My imaginary colleague
For the past year, while I was working alone in my house, every now and then I would talk to Ray. It made for a nice break from my conversations with the dog and the cat. “See Ray, here I am, trying to let people know what they need to know,” I’d say. I think he would have appreciated my efforts at relevance. I think he would have recognized them.
I wonder how his work writing about the Spanish Flu pandemic stacked up against all the big stories Ray must have covered during his career. Was it up there with the 1929 stock market crash or Pearl Harbor Day? Did the job of extended Spanish Flu coverage produce the same combination of exhaustion and fulfillment that covering COVID-19 has? At the Vail Daily, we worked hard this year and we are proud of our pandemic reach. We remain committed to this reporting effort as demonstrated this week with our Shining Through series.

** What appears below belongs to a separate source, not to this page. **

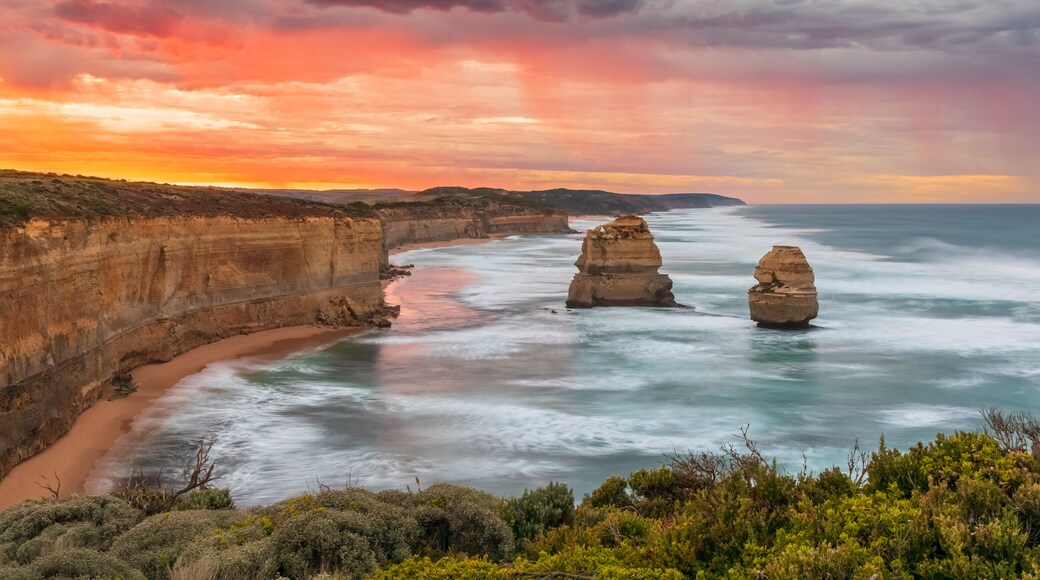 Australia, Victoria, Long exposure of Twelve Apostles and Gibson Steps in Port Campbell National Park at cloudy dawn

But even after a year when I spent a ton of time at my desk, I am certain that I will never bang out as as many stories there as Ray did. I can almost see him pulling up his chair and pounding away at his Underwood typewriter, as he did for almost four decades.
Many years ago, my dad told me we wanted me to have the desk because it needed to go to a journalist. I like to believe that Ray — my silent partner in pandemic reporting — would have thought so, too.